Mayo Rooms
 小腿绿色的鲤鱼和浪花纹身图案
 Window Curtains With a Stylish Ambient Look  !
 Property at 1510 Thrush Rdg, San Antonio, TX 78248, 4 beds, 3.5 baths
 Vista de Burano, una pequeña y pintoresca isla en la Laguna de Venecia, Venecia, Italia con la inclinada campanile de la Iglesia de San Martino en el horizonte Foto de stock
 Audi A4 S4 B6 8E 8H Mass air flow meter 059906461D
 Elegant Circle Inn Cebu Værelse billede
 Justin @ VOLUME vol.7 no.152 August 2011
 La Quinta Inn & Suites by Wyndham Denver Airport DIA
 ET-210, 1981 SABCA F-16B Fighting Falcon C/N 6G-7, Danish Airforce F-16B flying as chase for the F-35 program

YOUR OBJECTIVE: Extract, verbatim, the lines from the one containing "Justin @ VOLUME vol.7 no.152 August 2011" through the last line of the listing above.

RESULT BELOW:
 Justin @ VOLUME vol.7 no.152 August 2011
 La Quinta Inn & Suites by Wyndham Denver Airport DIA
 ET-210, 1981 SABCA F-16B Fighting Falcon C/N 6G-7, Danish Airforce F-16B flying as chase for the F-35 program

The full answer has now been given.